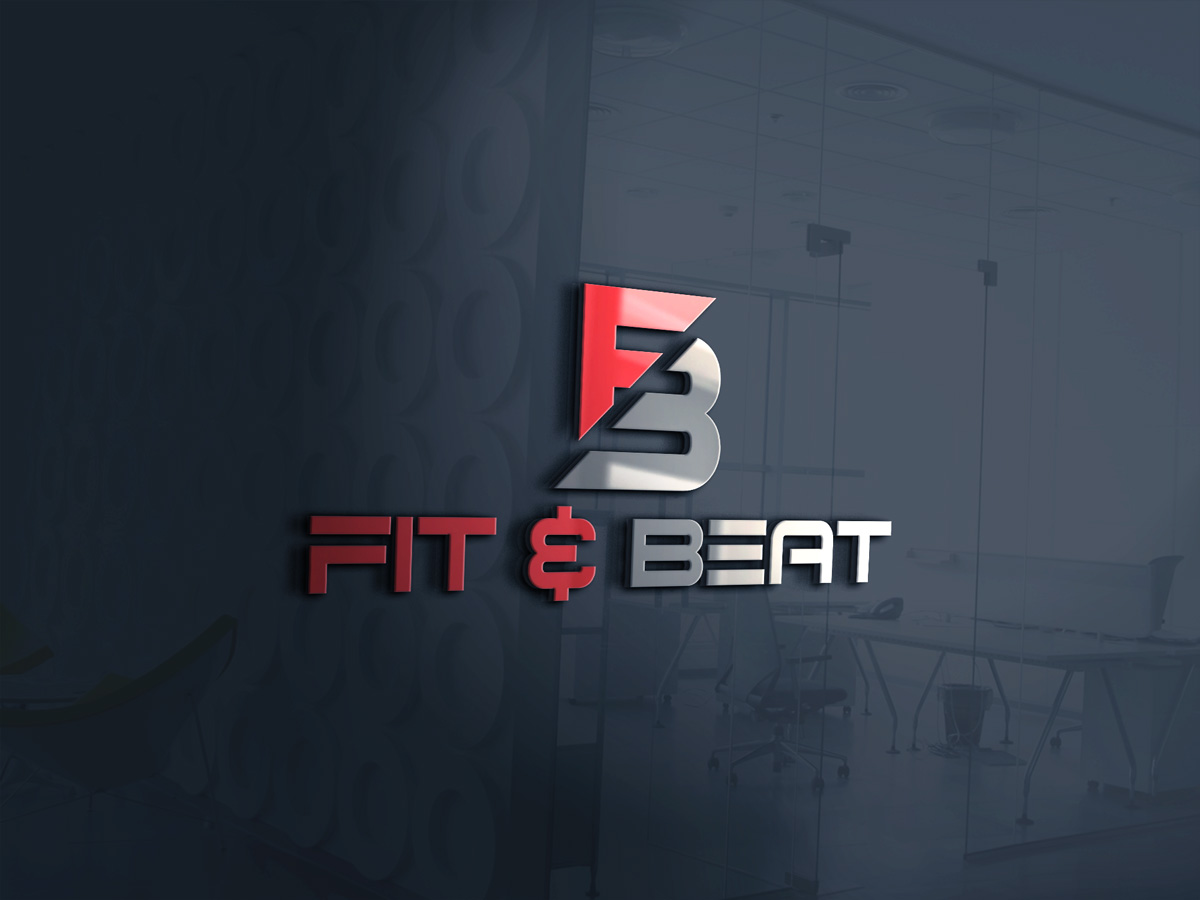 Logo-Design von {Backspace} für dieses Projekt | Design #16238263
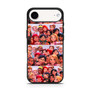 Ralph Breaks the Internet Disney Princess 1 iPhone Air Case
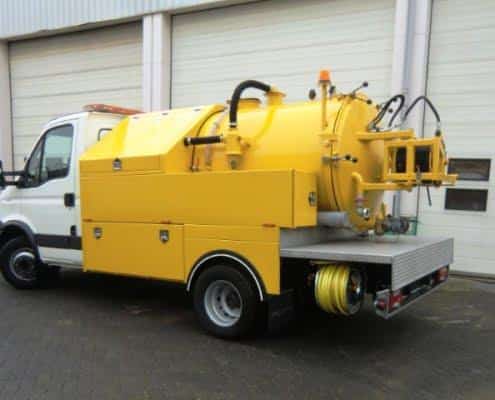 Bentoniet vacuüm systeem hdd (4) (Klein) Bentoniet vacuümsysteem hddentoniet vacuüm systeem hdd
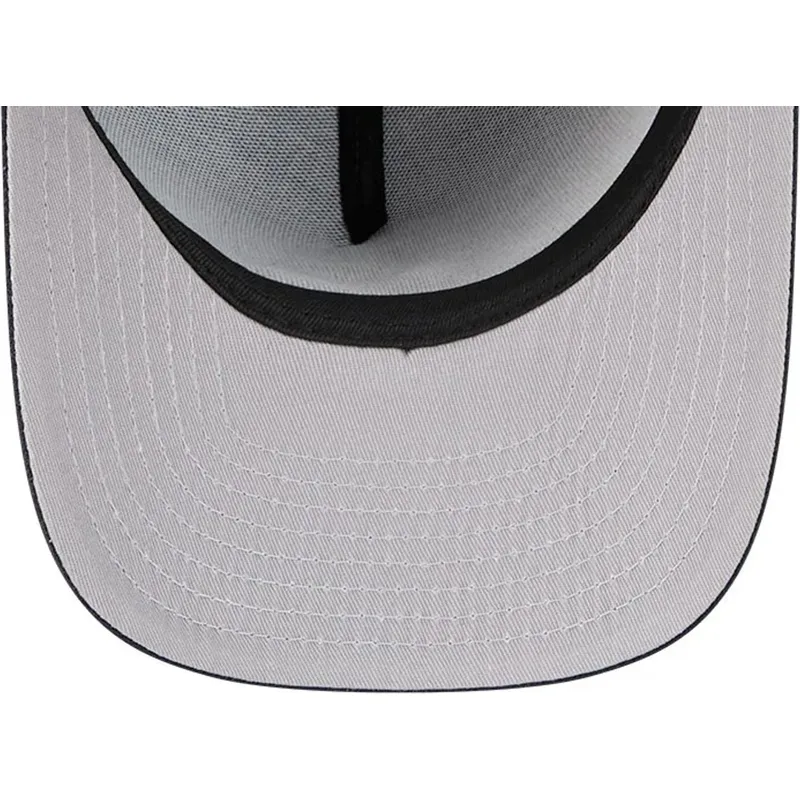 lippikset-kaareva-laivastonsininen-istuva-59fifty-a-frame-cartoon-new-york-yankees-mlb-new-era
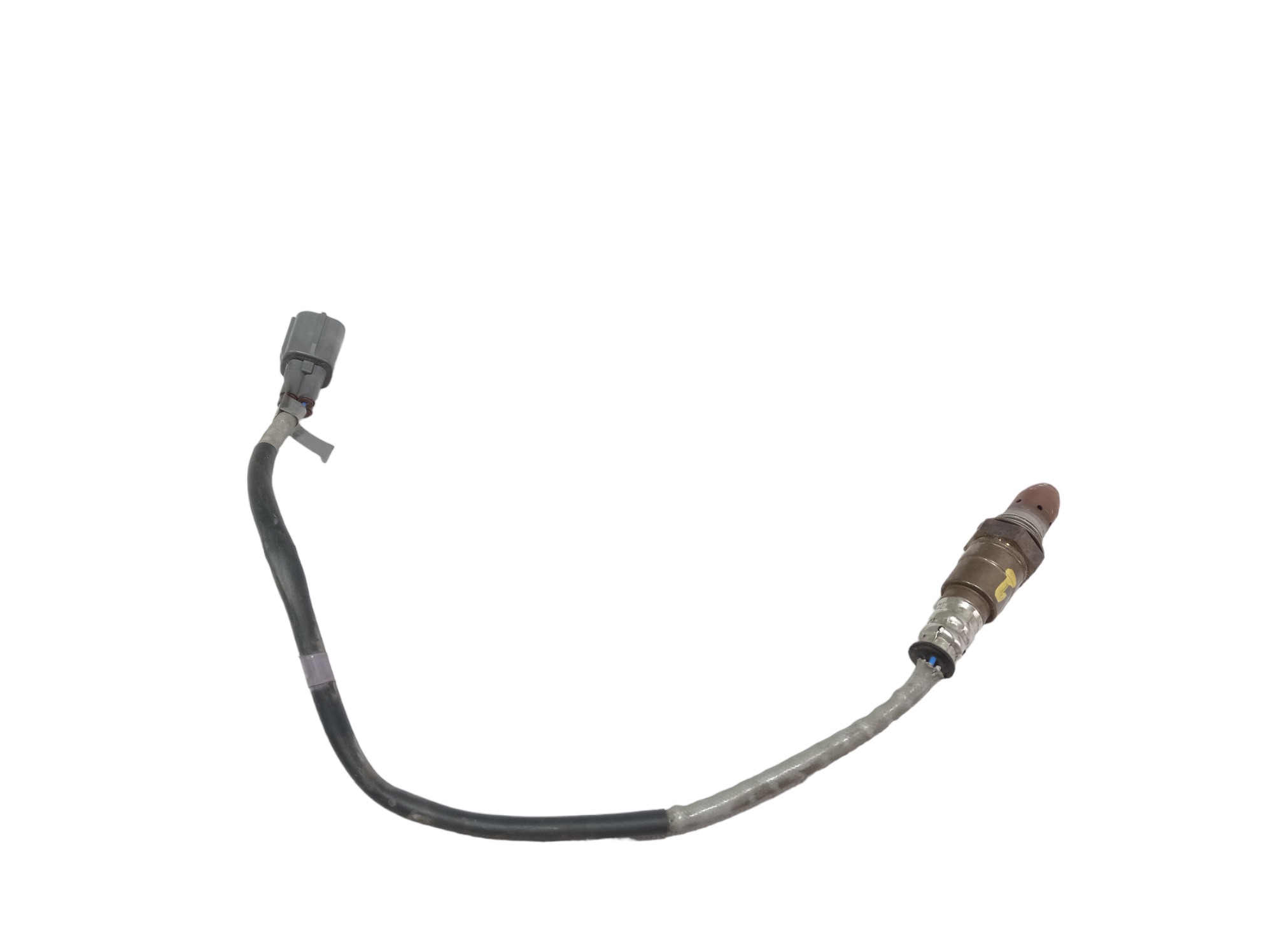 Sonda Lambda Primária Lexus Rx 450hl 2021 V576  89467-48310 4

What you need to do: Pictures are to be left out; otherwise, copy exactly each line from the one containing "Bentoniet vacuüm systeem" through the last line of the listing.

Task result:
 Bentoniet vacuüm systeem hdd (4) (Klein) Bentoniet vacuümsysteem hddentoniet vacuüm systeem hdd
 lippikset-kaareva-laivastonsininen-istuva-59fifty-a-frame-cartoon-new-york-yankees-mlb-new-era
 Sonda Lambda Primária Lexus Rx 450hl 2021 V576  89467-48310 4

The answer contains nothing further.